Die Krisen unserer Zeit zeigen deutlich, dass wir nur gemeinsam stark sind. Daher sind Handels- und Rohstoffpartnerschaften auf Augenhöhe heute wichtiger denn je. Wir müssen uns im Handel unabhängiger von Autokratien machen, aber gleichzeitig auf einen freien und fairen Handel setzen. Wie der Bundeskanzler vorhin schon richtig gesagt hat, brauchen wir keinen Subventionswettlauf oder nationale Alleingänge.
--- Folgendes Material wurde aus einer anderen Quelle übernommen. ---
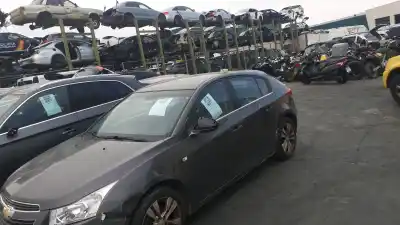 Veículo de Sucata CHEVROLET CRUZE FASTBACK (J305) 1.8 do ano 2013 alimentado F18D4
Wir brauchen eine enge Zusammenarbeit der Volkswirtschaften, um gegen die größte Bedrohung der Menschheit zu kämpfen: die sich immer weiter verschärfende Klimakatastrophe.
(Beifall bei der SPD sowie des Abg. Andreas Audretsch [BÜNDNIS 90/DIE GRÜNEN])
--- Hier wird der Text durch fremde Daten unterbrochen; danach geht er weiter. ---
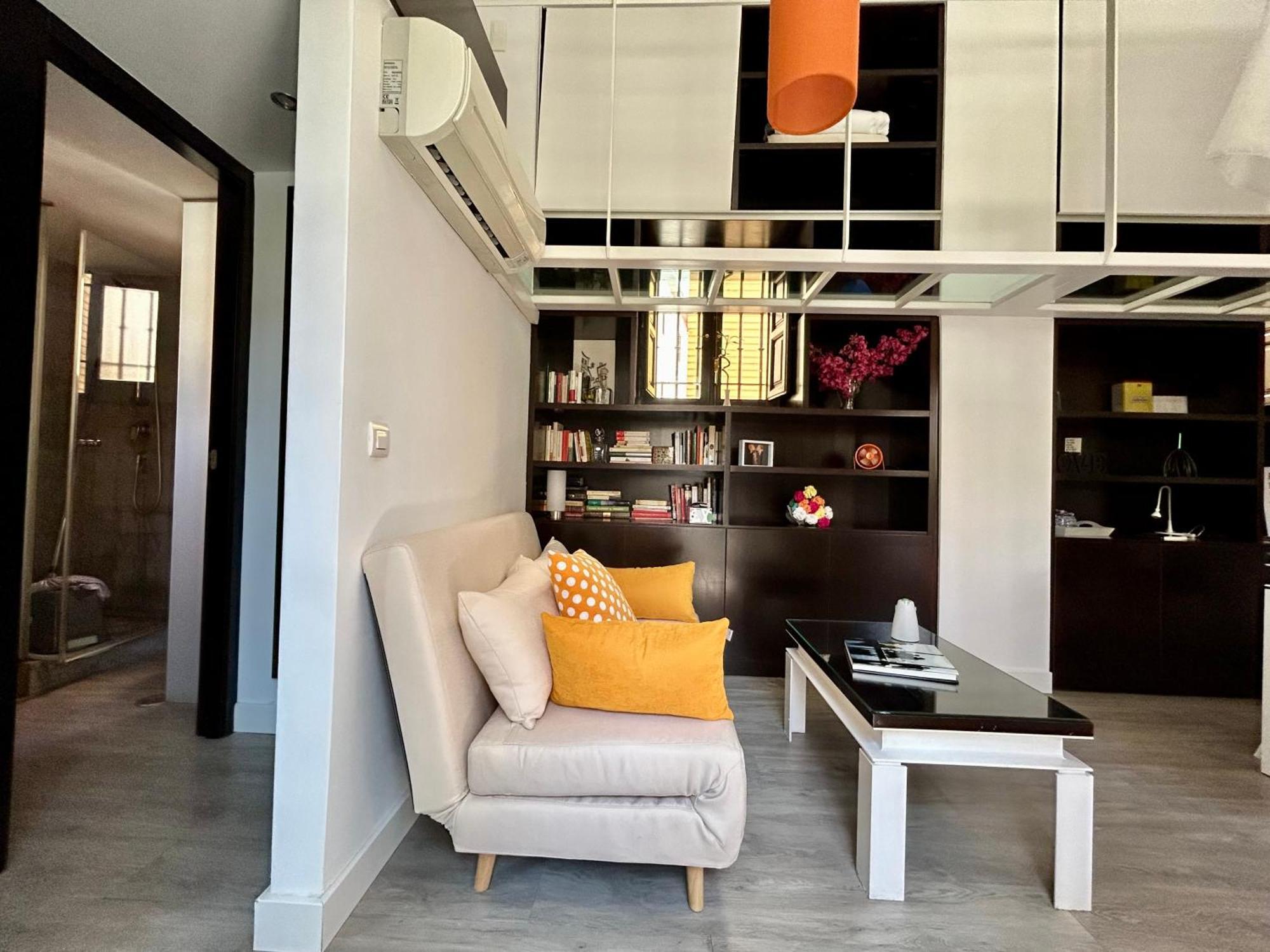 Romanilla Loft Granada Kültér fotó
Wir brauchen ein geeintes globales Handeln. Deswegen begrüßen wir grundsätzlich, dass die USA mit dem Inflation Reduction Act nun endlich den Weg zur Klimaneutralität und zur Verringerung des CO2-Ausstoßes eingeschlagen haben. Allerdings müssen wir beim Inflation Reduction Act genau hinschauen – das haben wir heute schon öfter gehört – und dafür sorgen, dass europäische Unternehmen durch diesen nicht benachteiligt werden.
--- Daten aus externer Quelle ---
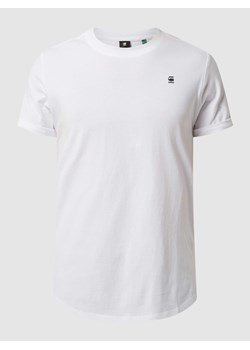 T-shirt z bawełny ekologicznej model ‘Lash’ ze sklepu Peek&Cloppenburg  w kategorii T-shirty męskie - zdjęcie 168333645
Gleichzeitig dürfen wir an dieser Stelle aber nicht vergessen, dass die Europäische Union bereits jetzt ein Wegweiser hin zu einer nachhaltigen Transformation der Industrie ist. Wir haben eine Vorreiterrolle und investieren bereits seit einigen Jahren in diese Transformation. Wir waren und sind trotz hoher Energiepreise weiterhin konkurrenzfähig. Und vor allem: Unsere Gesellschaft ist in großen Teilen darauf eingestellt und hat ein Bewusstsein für die nachhaltige Entwicklung unseres Landes und der EU. All diese Maßnahmen in Summe bilden ein starkes Fundament und das Gerüst für das Haus unserer Wirtschaft, das mit dem Handeln der EU und der Bundesregierung jetzt saniert und modernisiert werden muss.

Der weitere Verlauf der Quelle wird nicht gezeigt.